Provided material –
BEGIN
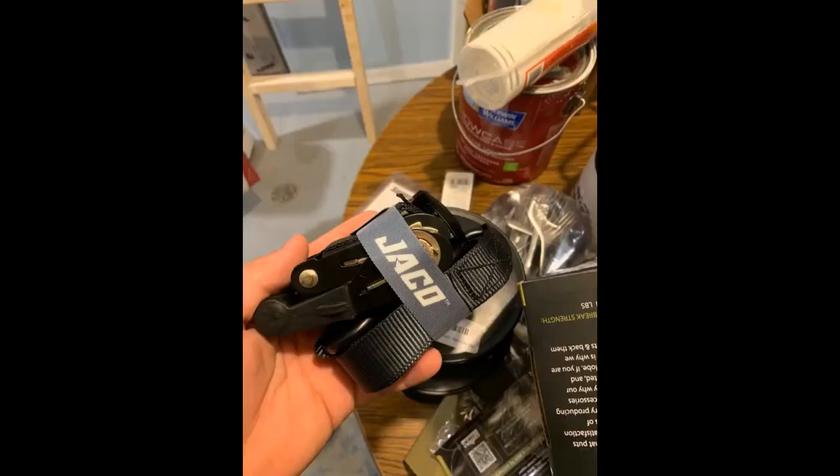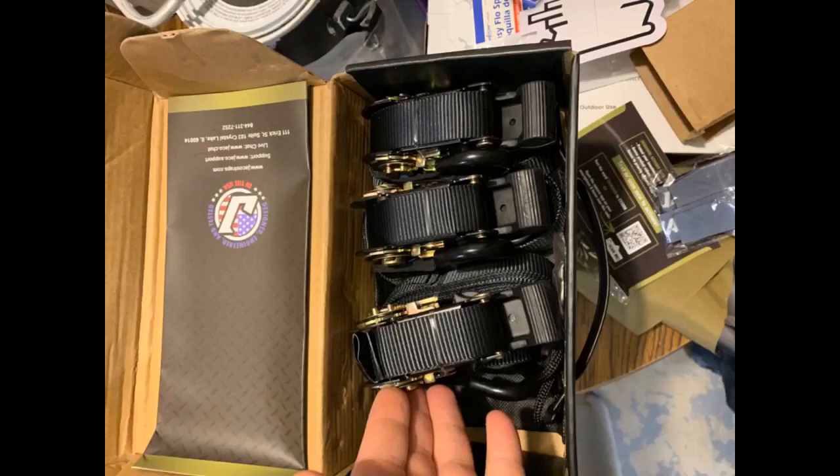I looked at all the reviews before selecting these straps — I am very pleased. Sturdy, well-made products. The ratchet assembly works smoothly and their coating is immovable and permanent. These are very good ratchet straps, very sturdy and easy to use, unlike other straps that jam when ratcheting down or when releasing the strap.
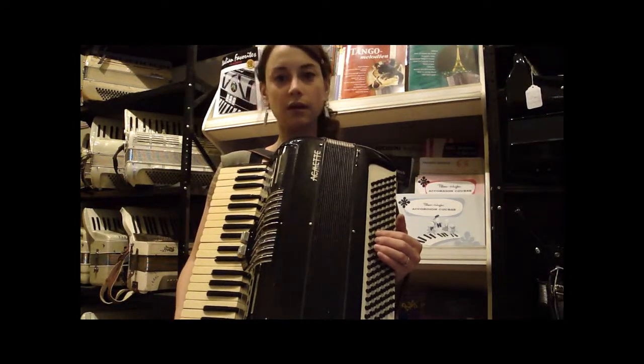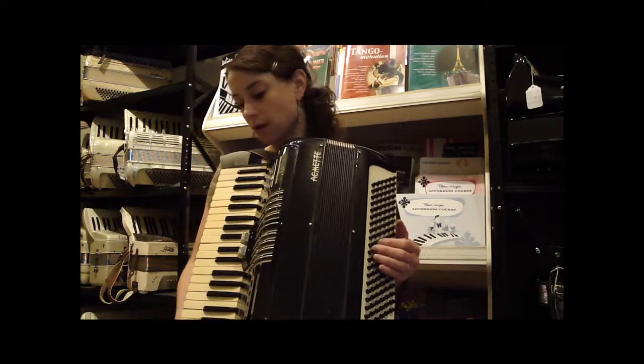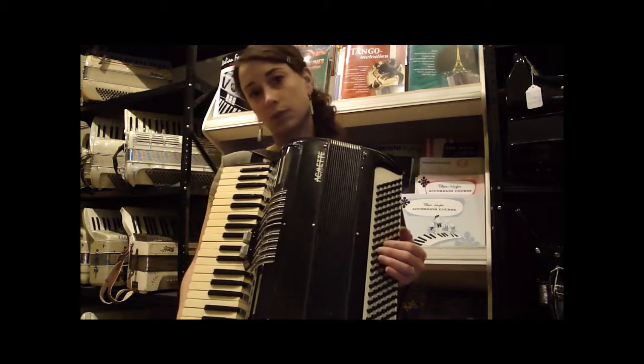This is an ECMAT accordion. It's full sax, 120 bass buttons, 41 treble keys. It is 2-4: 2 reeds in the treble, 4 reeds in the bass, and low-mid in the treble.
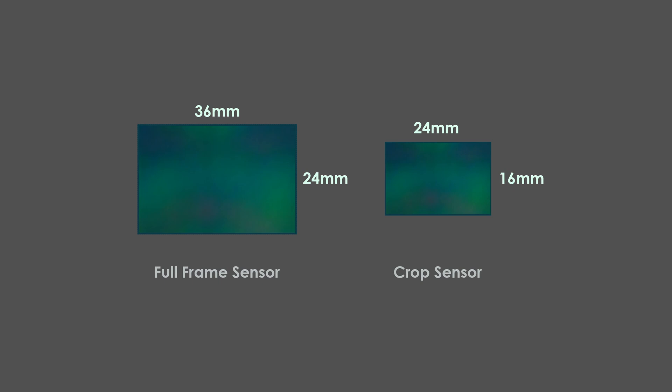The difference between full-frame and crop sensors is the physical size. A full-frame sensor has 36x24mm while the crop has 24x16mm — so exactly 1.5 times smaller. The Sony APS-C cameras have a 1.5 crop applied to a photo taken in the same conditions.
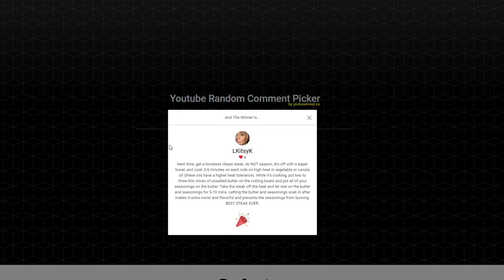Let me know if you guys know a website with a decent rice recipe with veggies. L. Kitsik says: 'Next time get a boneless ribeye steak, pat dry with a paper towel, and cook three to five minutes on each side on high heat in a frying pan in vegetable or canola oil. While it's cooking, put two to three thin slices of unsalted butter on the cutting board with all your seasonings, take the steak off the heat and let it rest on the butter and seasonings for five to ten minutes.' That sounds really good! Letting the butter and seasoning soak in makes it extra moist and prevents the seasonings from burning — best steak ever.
END
BEGIN
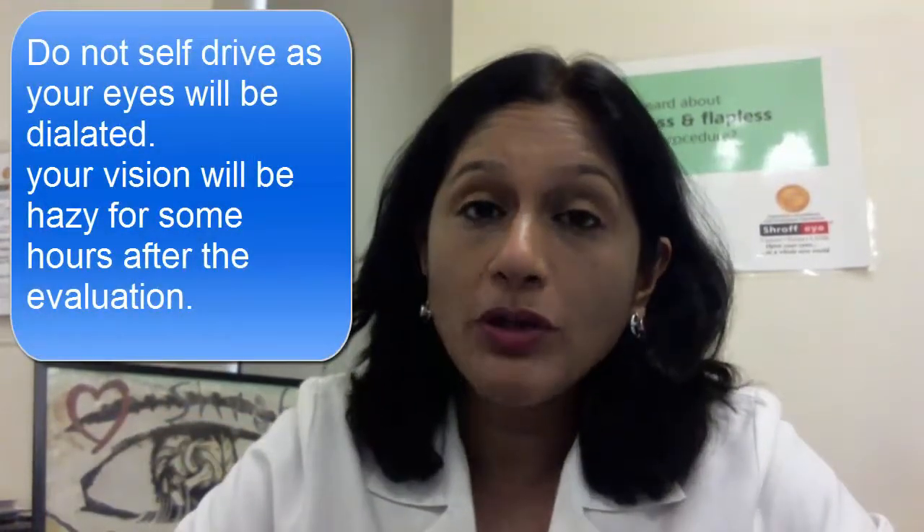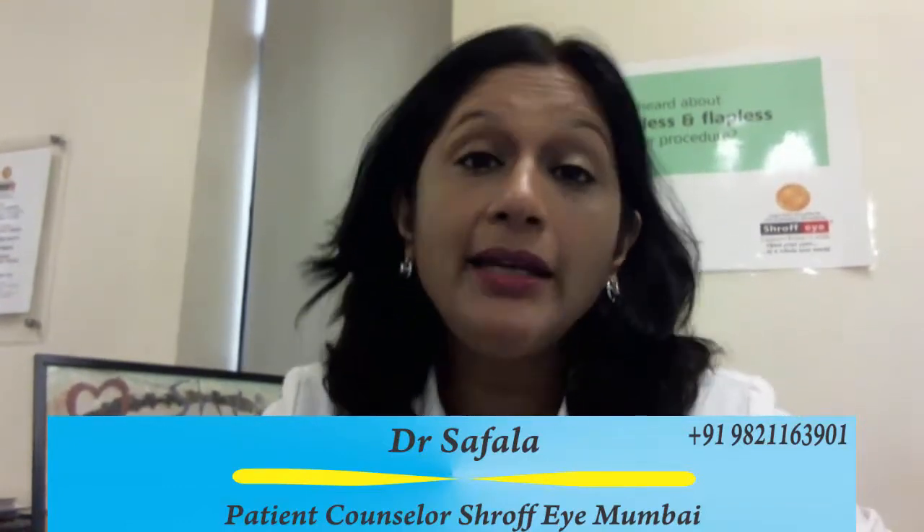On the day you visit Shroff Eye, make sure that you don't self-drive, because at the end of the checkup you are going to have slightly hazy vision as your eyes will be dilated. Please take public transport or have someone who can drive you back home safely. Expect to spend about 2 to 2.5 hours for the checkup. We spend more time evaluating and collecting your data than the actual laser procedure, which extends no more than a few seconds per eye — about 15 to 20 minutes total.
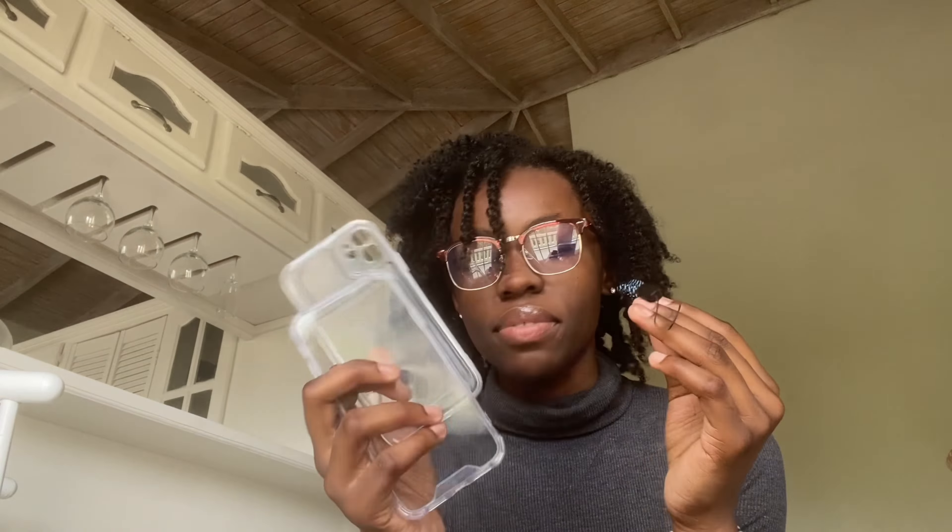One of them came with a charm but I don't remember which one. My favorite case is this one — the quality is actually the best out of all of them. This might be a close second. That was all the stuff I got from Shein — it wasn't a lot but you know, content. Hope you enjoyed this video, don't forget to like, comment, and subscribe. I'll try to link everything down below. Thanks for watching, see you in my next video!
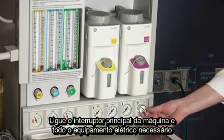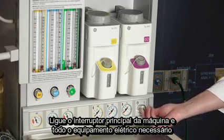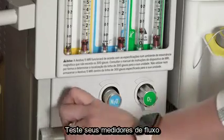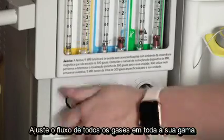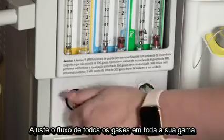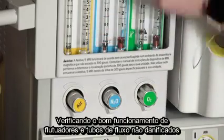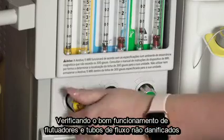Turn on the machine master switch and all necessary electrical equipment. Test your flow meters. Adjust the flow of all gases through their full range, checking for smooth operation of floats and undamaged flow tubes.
END
BEGIN
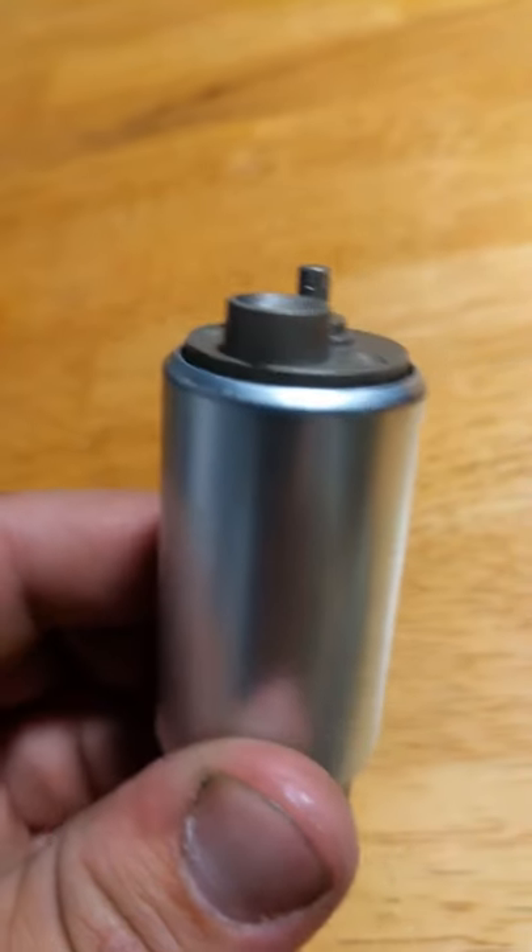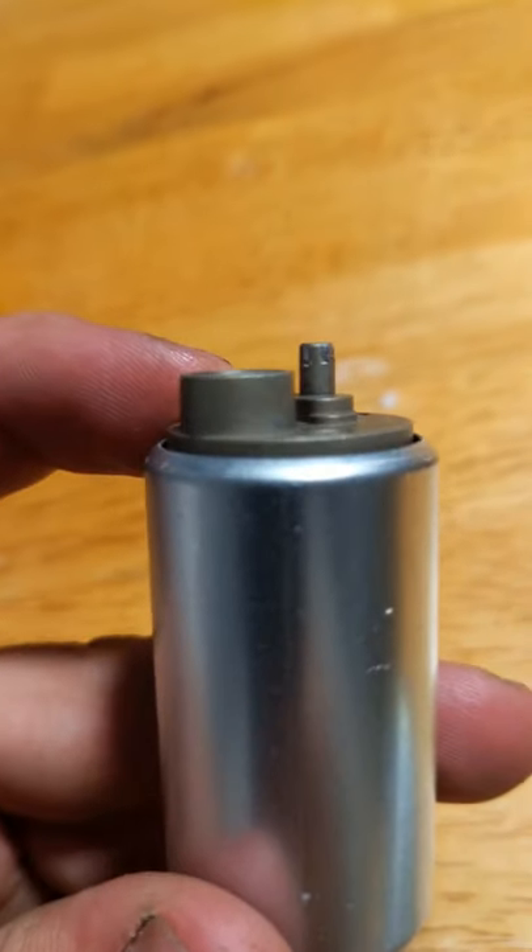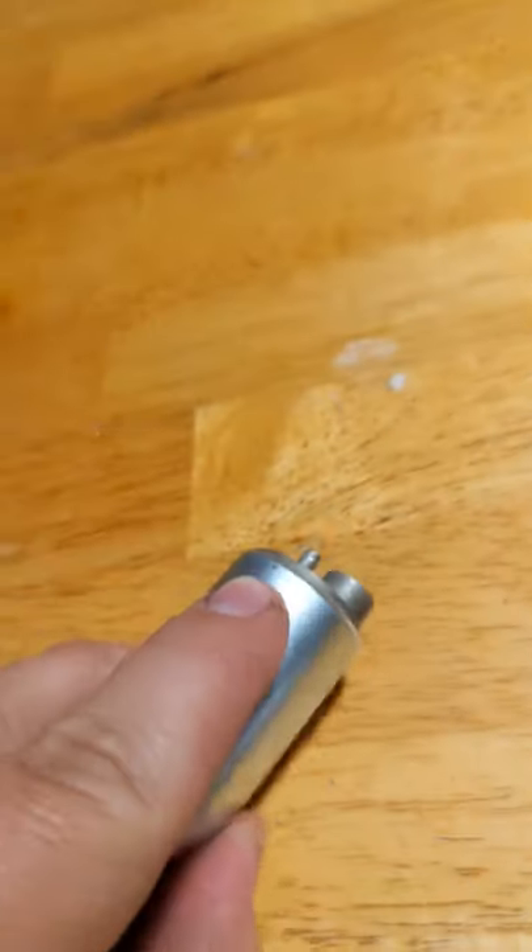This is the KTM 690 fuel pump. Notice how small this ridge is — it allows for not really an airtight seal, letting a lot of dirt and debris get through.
END
Exercise details –
From the records above, return exactly the lines running from the one that contains "This is an ECMAT" down to the one that contains "Let me know", both included, without any pictures.

Your solution –
This is an ECMAT accordion. It's full sax, 120 bass buttons, 41 treble keys. It is 2-4: 2 reeds in the treble, 4 reeds in the bass, and low-mid in the treble.
The difference between full-frame and crop sensors is the physical size. A full-frame sensor has 36x24mm while the crop has 24x16mm — so exactly 1.5 times smaller. The Sony APS-C cameras have a 1.5 crop applied to a photo taken in the same conditions.
Let me know if you guys know a website with a decent rice recipe with veggies. L. Kitsik says: 'Next time get a boneless ribeye steak, pat dry with a paper towel, and cook three to five minutes on each side on high heat in a frying pan in vegetable or canola oil. While it's cooking, put two to three thin slices of unsalted butter on the cutting board with all your seasonings, take the steak off the heat and let it rest on the butter and seasonings for five to ten minutes.' That sounds really good! Letting the butter and seasoning soak in makes it extra moist and prevents the seasonings from burning — best steak ever.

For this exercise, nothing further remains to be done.